### WORK REQUIRED
Reproduction without pictures: print every entry precisely as written.

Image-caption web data
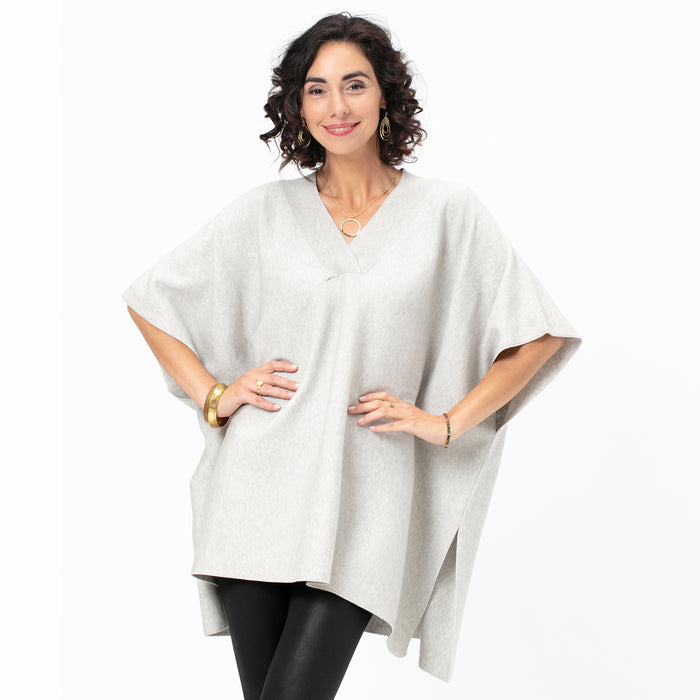 LIGHT GREY Knit V-Neck Poncho — rockflowerpaper-wholesale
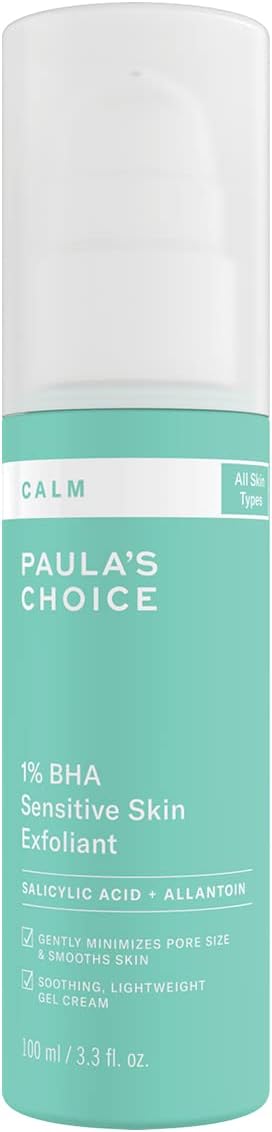 Paula's Choice CALM 1% BHA Sensitive Skin Exfoliant - Gentle Face Exfoliant - Unclogs & Refines Pores - Soothes & Calms Redness - with Salicylic Acid - All Skin Types - 100 ml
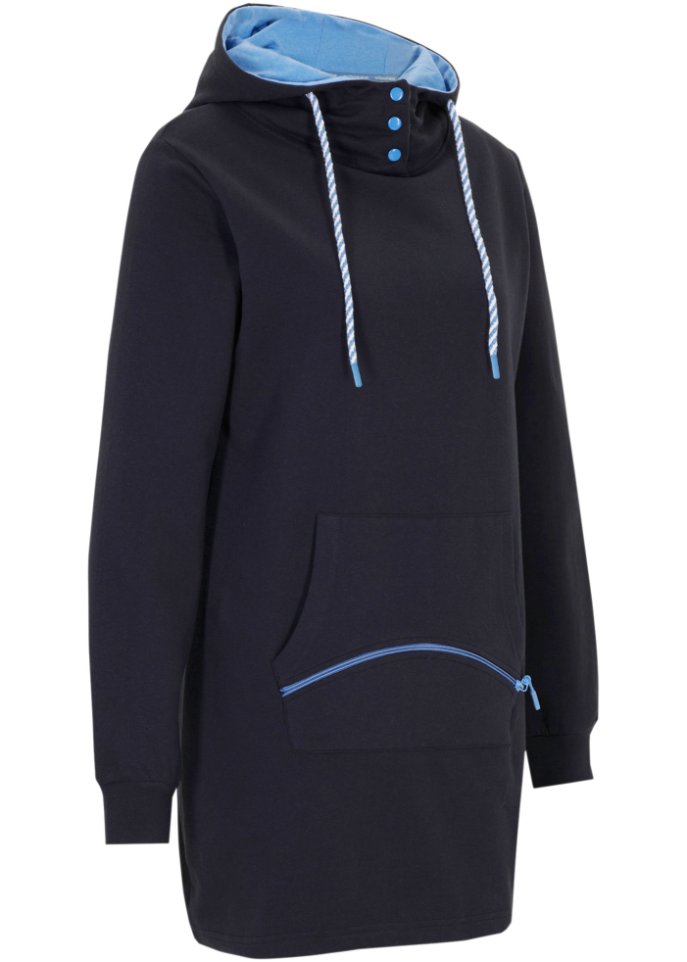 Extra langes Sweatshirt mit Tasche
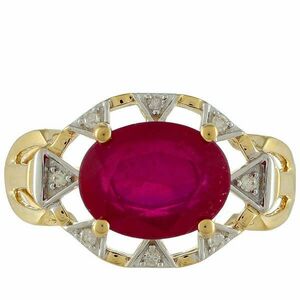 Arany Gyűrű Thai Rubinnal és Fehér Gyémánttal, Méret: 54-55 kép
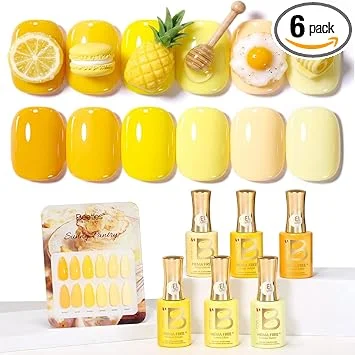 Beetles Yellow Gel Polish Set - Sunny Pantry with Color Card, 6Colors HEMA FREE Yellow Gel Nail Polish Set 15ML Full Size, Long-Lasting Soak Off UV Lamp Summer Summer Nails Art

### OUTPUT
 LIGHT GREY Knit V-Neck Poncho — rockflowerpaper-wholesale
 Paula's Choice CALM 1% BHA Sensitive Skin Exfoliant - Gentle Face Exfoliant - Unclogs & Refines Pores - Soothes & Calms Redness - with Salicylic Acid - All Skin Types - 100 ml
 Extra langes Sweatshirt mit Tasche
 Arany Gyűrű Thai Rubinnal és Fehér Gyémánttal, Méret: 54-55 kép
 Beetles Yellow Gel Polish Set - Sunny Pantry with Color Card, 6Colors HEMA FREE Yellow Gel Nail Polish Set 15ML Full Size, Long-Lasting Soak Off UV Lamp Summer Summer Nails Art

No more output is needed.